Pick a point and grow MST from it. Cut is $T$ vs. $V-E$.
\li Kruskal: Related to union-find (next time).
Continually add the smallest edge that doesn't create a cycle. Cut is
defined implicitly by the smallest edge and the disconnected pieces of
$T$.
\el
\section{PRIM'S ALGORITHM}
\subsection{Idea}
\ni Very simple idea:
\ul
\li Initially, all vertices are on the far side of the cut.
\li Pick one $r$ to be on near side and check the distance of $r$ to
all its neighbors.
\li From the set of vertices on the far side, pick the one $u$ that is
reachable from the near side over the smallest edge.
\li Move $u$ to the near side. Update the distances of $u$ to its
neighbors on the far side to relect the edges in the cut.
\li Repeat.
\el
\ni Example...
\subsection{Algorithm}
\begin{algorithm}{Prim-MST}{G,w}
Q \= \emptyset \\
\begin{FOR}{\EACH u \in V[G]}
\mbox{\sc Initialize-Key}[u] \= \infty \\
Q \= Q \cup \{ u \}
\end{FOR} \\
r \= \mbox{some vertex of $G[V]$} \\
\mbox{\em edge}[r] \= \mbox{\sc nil} \\
\mbox{\sc Decrease-Key}(r, 0) \\
T \= \emptyset \\
\begin{WHILE}{Q \neq \emptyset}
u \= \mbox{\sc Remove-Smallest-Key}(Q) \\
T \= T \cup \{\mbox{\em edge}[u]\}\\
\begin{FOR}{\EACH v \in \mbox{\em Adj}[u]}
\begin{IF}{v \in Q \mbox{ and } w(u,v) < \mbox{\em key}[v]}
\mbox{\sc Decrease-Key}(v, w(u,v)) \\
\mbox{\em edge}[u] \= (u,v)
\end{IF}
\end{FOR}
\end{WHILE}
\end{algorithm}
\subsection{Running Time Analysis}
\ni Three basic operations left to specify:
\ul
\li {\sc Initialize-Key}
\li {\sc Decrease-Key}
\li {\sc Remove-Smallest-Key}
\el
\ni How often do we do each?
% |V|, |E|, |V|
\ni Simple data structure: list of nodes $Q$ with their keys. Running
time per operation? $O(1)$, $O(1)$, $O(|V|)$.

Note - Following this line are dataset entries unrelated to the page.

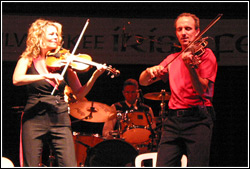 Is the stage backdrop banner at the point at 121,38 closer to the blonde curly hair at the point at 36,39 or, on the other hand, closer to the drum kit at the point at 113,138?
the drum kit at the point at 113,138

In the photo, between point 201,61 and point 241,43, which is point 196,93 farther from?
point 241,43

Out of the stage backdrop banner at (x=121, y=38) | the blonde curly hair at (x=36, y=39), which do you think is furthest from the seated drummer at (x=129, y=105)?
the blonde curly hair at (x=36, y=39)

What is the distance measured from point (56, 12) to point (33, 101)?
10.8 feet

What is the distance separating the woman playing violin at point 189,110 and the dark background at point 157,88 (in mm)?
3109

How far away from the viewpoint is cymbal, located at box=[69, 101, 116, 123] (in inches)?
203

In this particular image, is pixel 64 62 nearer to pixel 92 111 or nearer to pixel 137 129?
pixel 92 111

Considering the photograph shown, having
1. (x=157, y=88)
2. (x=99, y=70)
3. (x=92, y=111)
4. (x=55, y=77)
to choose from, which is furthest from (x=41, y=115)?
(x=157, y=88)

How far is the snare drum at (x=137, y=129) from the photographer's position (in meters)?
5.20

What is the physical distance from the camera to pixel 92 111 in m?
5.20

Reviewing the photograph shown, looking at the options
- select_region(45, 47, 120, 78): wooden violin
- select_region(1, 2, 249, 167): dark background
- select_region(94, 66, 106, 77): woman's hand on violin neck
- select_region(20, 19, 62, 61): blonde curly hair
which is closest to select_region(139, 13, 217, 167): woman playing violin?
select_region(94, 66, 106, 77): woman's hand on violin neck

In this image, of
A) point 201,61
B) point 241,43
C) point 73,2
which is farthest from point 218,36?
point 201,61

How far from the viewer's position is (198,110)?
270cm

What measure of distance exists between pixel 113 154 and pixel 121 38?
1745 mm

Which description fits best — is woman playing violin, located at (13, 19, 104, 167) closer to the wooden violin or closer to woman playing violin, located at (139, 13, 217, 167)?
the wooden violin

\ni Total running time: $O(|V|^2+|E|) = O(|V|^2)$
\subsection{Better Data Structure}
\ni The simple data structure yields a linear-time algorithm for dense
graphs, $|E|=\Theta(|V|^2)$.
\ni Can do better for sparse graphs.
\ni Heap: Running time per operation? $O(\log |V|)$, $O(\log |V|)$,
$O(\log |V|)$.
\ni Total running time: $O(|V|\log|V|+|E|\log|V|)=O(|E|\log|V|)$
\ni Worse for dense graphs, better for sparse graphs.
\subsection{Even Better Data Structure}
\ni ``Fibonacci heaps'' have a good amortized running time for {\sc
Decrease-Key}: $O(\log |V|)$, $O(1)$, $O(\log |V|)$.

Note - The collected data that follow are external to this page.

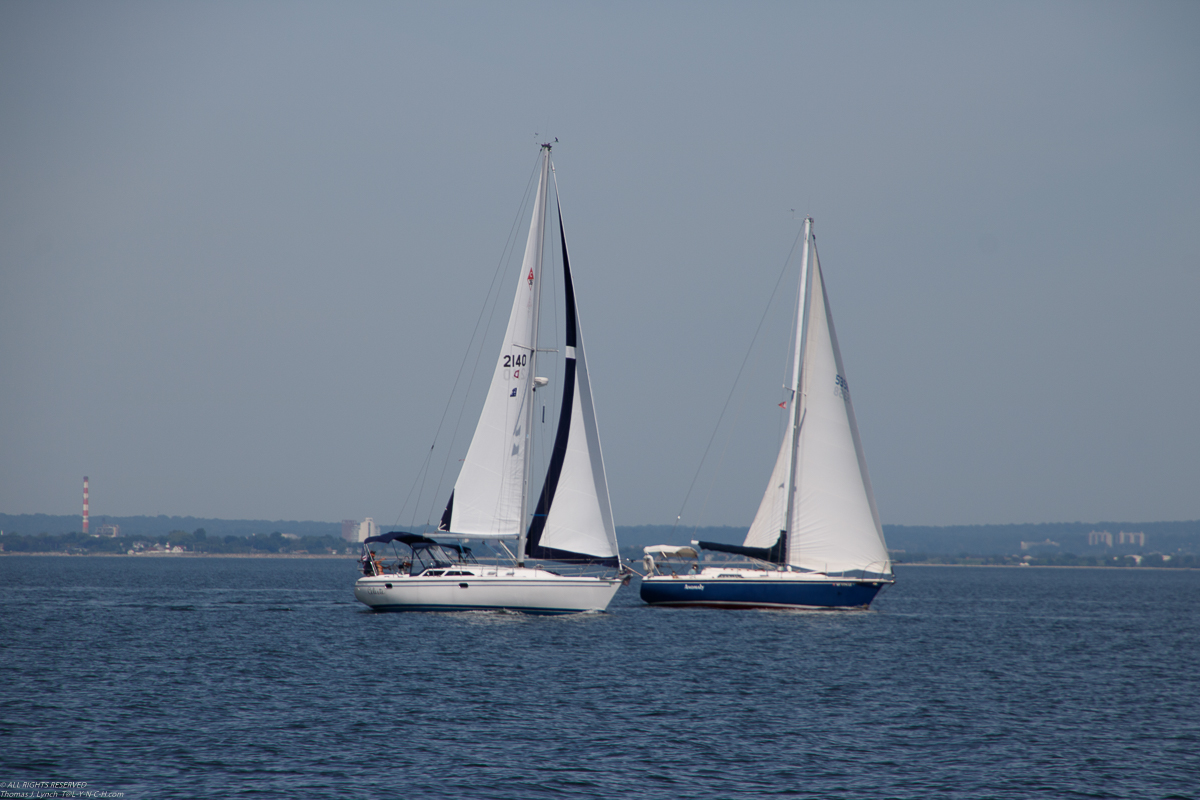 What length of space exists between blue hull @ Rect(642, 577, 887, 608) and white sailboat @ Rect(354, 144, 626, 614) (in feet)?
24.7

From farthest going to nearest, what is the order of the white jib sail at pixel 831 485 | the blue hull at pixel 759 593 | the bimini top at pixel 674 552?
the bimini top at pixel 674 552 → the white jib sail at pixel 831 485 → the blue hull at pixel 759 593

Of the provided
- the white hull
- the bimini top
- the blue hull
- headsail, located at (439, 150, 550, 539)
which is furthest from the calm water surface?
the bimini top

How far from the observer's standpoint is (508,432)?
148ft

\ni Total running time: $O(|E|+|V|\log|V|)$.
\ni Probably wouldn't really ever want to use this, but it is an
asymptotic improvement.
% \section{KRUSKAL'S ALGORITHM}
%
% zzz Fast Union-Find
\section{HOMEWORK}
\subsection{Homework 9}
\ni Background: Ch. 23.1, 23.4, 23.5, 27.2, 27.3
\ni Due November 13th:
\ul
\li 9.1: CLR Exercise 23.1-3 (pg. 468).
\li 9.2: Extra credit. CLR Exercise 23.1-6 (pg. 468).
\li 9.3: CLR Exercise 23.4-1 (pg. 487).
\li 9.4: CLR Exercise 23.5-1 (pg. 494).
\li 9.5: CLR Exercise 23.5-5 (pg. 494).
\li 9.6: Extra credit. In class, we came up with an alternate
algorithm for strongly connected components. The algorithm went
something like this: Start with a graph. Find a cycle in the graph.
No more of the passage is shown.